Il nous reste à dire comment ce régime a disparu, c’est-à-dire comment, le principe de l’association humaine étant changé, le gouvernement, la religion, le droit ont dépouillé ce caractère municipal qu’ils avaient eu dans l’antiquité.

La ruine du régime politique que la Grèce et l’Italie avaient créé, peut se rapporter à deux causes principales. L’une appartient à l’ordre des faits moraux et intellectuels, l’autre à l’ordre des faits matériels ; la première est la transformation des croyances, la seconde est la conquête romaine. Ces deux grands faits sont du même temps ; ils se sont développés et accomplis ensemble pendant la série de six siècles qui précède notre ère.

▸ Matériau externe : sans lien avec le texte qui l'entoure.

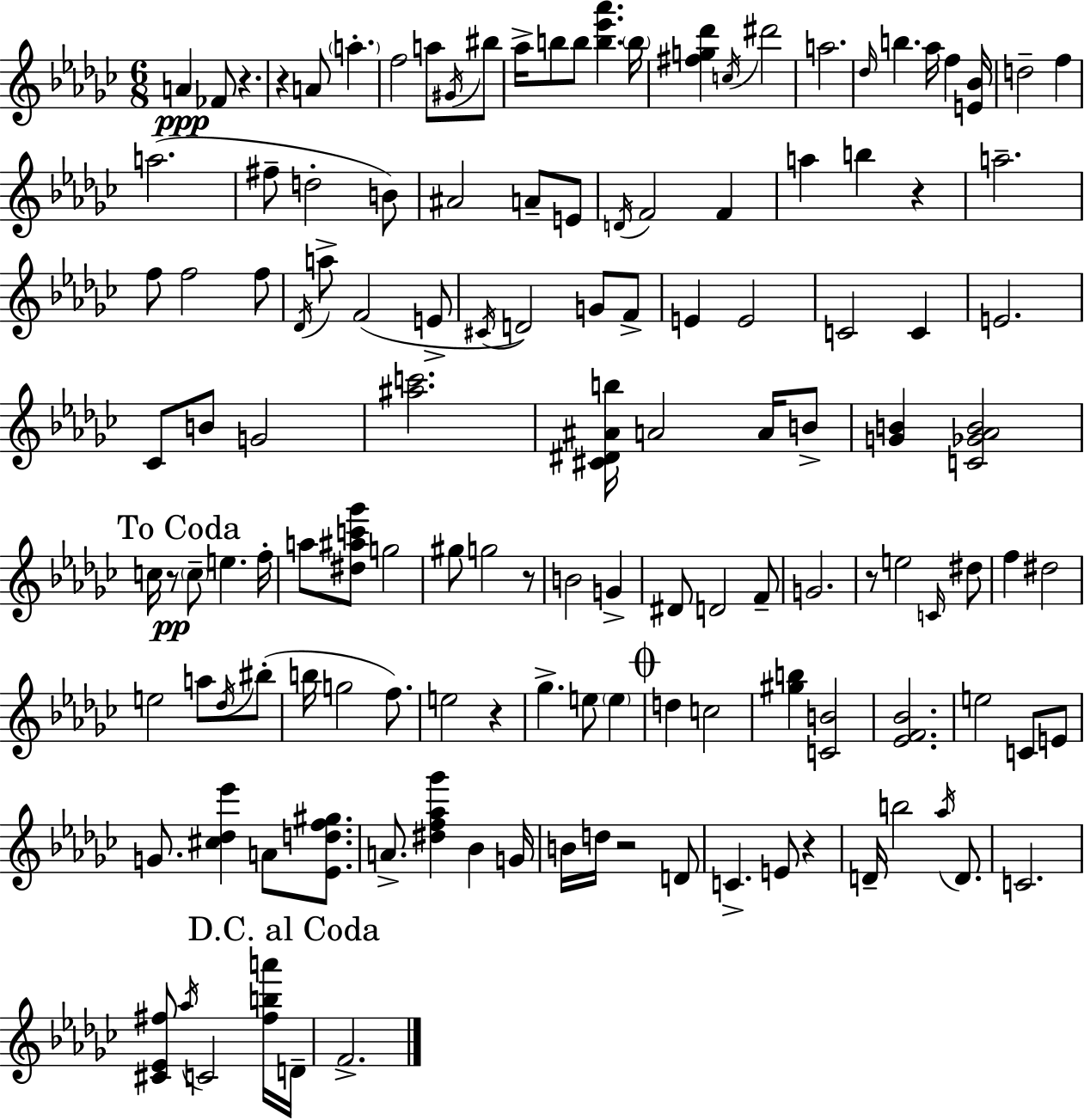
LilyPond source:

{
  \clef treble
  \numericTimeSignature
  \time 6/8
  \key ees \minor
  \repeat volta 2 { a'4\ppp fes'8 r4. | r4 a'8 \parenthesize a''4.-. | f''2 a''8 \acciaccatura { gis'16 } bis''8 | aes''16-> b''8 b''8 <b'' ees''' aes'''>4. | \break \parenthesize b''16 <fis'' g'' des'''>4 \acciaccatura { c''16 } dis'''2 | a''2. | \grace { des''16 } b''4. aes''16 f''4 | <e' bes'>16 d''2-- f''4 | \break a''2.( | fis''8-- d''2-. | b'8) ais'2 a'8-- | e'8 \acciaccatura { d'16 } f'2 | \break f'4 a''4 b''4 | r4 a''2.-- | f''8 f''2 | f''8 \acciaccatura { des'16 } a''8-> f'2( | \break e'8-> \acciaccatura { cis'16 }) d'2 | g'8 f'8-> e'4 e'2 | c'2 | c'4 e'2. | \break ces'8 b'8 g'2 | <ais'' c'''>2. | <cis' dis' ais' b''>16 a'2 | a'16 b'8-> <g' b'>4 <c' ges' aes' b'>2 | \break \mark "To Coda" c''16 r8\pp \parenthesize c''8-- e''4. | f''16-. a''8 <dis'' ais'' c''' ges'''>8 g''2 | gis''8 g''2 | r8 b'2 | \break g'4-> dis'8 d'2 | f'8-- g'2. | r8 e''2 | \grace { c'16 } dis''8 f''4 dis''2 | \break e''2 | a''8 \acciaccatura { des''16 }( bis''8-. b''16 g''2 | f''8.) e''2 | r4 ges''4.-> | \break e''8 \parenthesize e''4 \mark \markup { \musicglyph "scripts.coda" } d''4 | c''2 <gis'' b''>4 | <c' b'>2 <ees' f' bes'>2. | e''2 | \break c'8 e'8 g'8. <cis'' des'' ees'''>4 | a'8 <ees' d'' f'' gis''>8. a'8.-> <dis'' f'' aes'' ges'''>4 | bes'4 g'16 b'16 d''16 r2 | d'8 c'4.-> | \break e'8 r4 d'16-- b''2 | \acciaccatura { aes''16 } d'8. c'2. | <cis' ees' fis''>8 \acciaccatura { aes''16 } | c'2 <fis'' b'' a'''>16 \mark "D.C. al Coda" d'16-- f'2.-> | \break } \bar "|."
}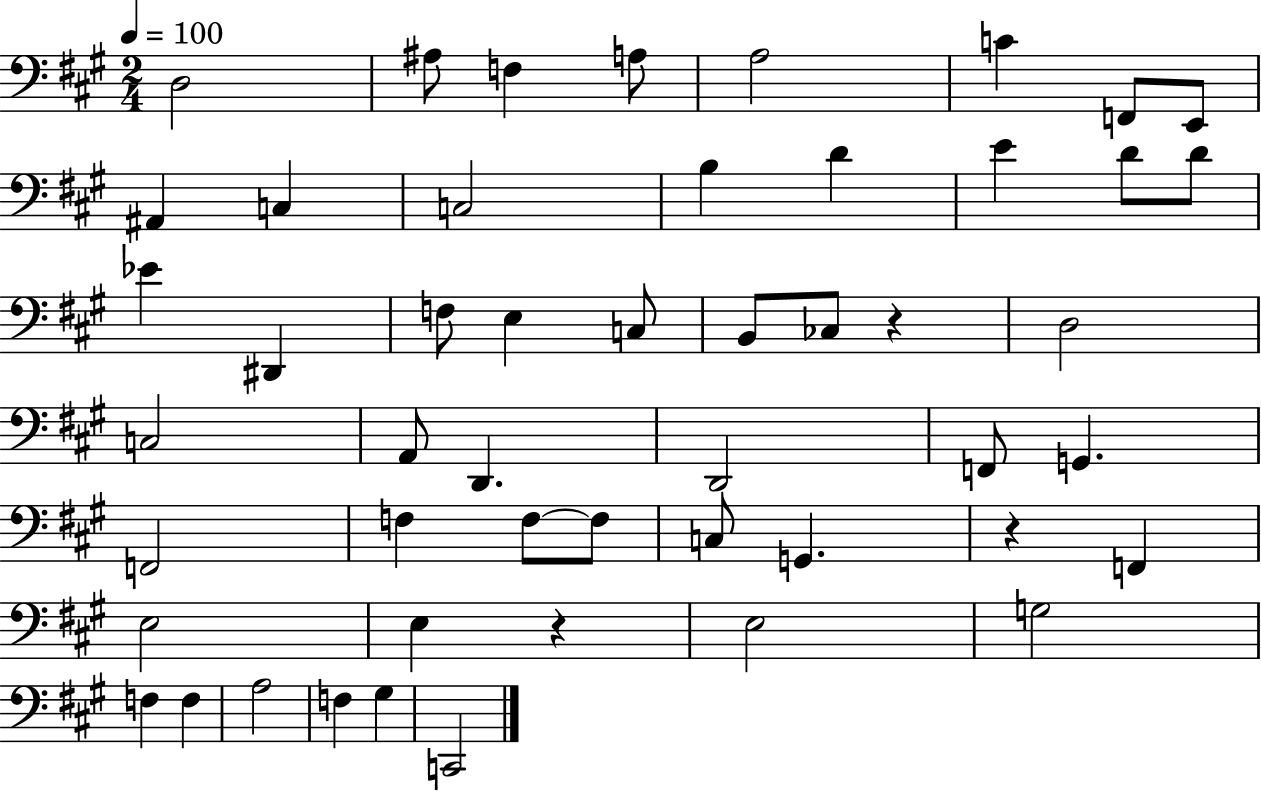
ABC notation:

X:1
T:Untitled
M:2/4
L:1/4
K:A
D,2 ^A,/2 F, A,/2 A,2 C F,,/2 E,,/2 ^A,, C, C,2 B, D E D/2 D/2 _E ^D,, F,/2 E, C,/2 B,,/2 _C,/2 z D,2 C,2 A,,/2 D,, D,,2 F,,/2 G,, F,,2 F, F,/2 F,/2 C,/2 G,, z F,, E,2 E, z E,2 G,2 F, F, A,2 F, ^G, C,,2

La religion primitive, dont les symboles étaient la pierre immobile du foyer et le tombeau des ancêtres, religion qui avait constitué la famille antique et organisé ensuite la cité, s’altéra avec le temps et vieillit. L’esprit humain grandit en force et se fit de nouvelles croyances. On commença à avoir l’idée de la nature immatérielle ; la notion de l’âme humaine se précisa, et presque en même temps celle d’une intelligence divine surgit dans les esprits.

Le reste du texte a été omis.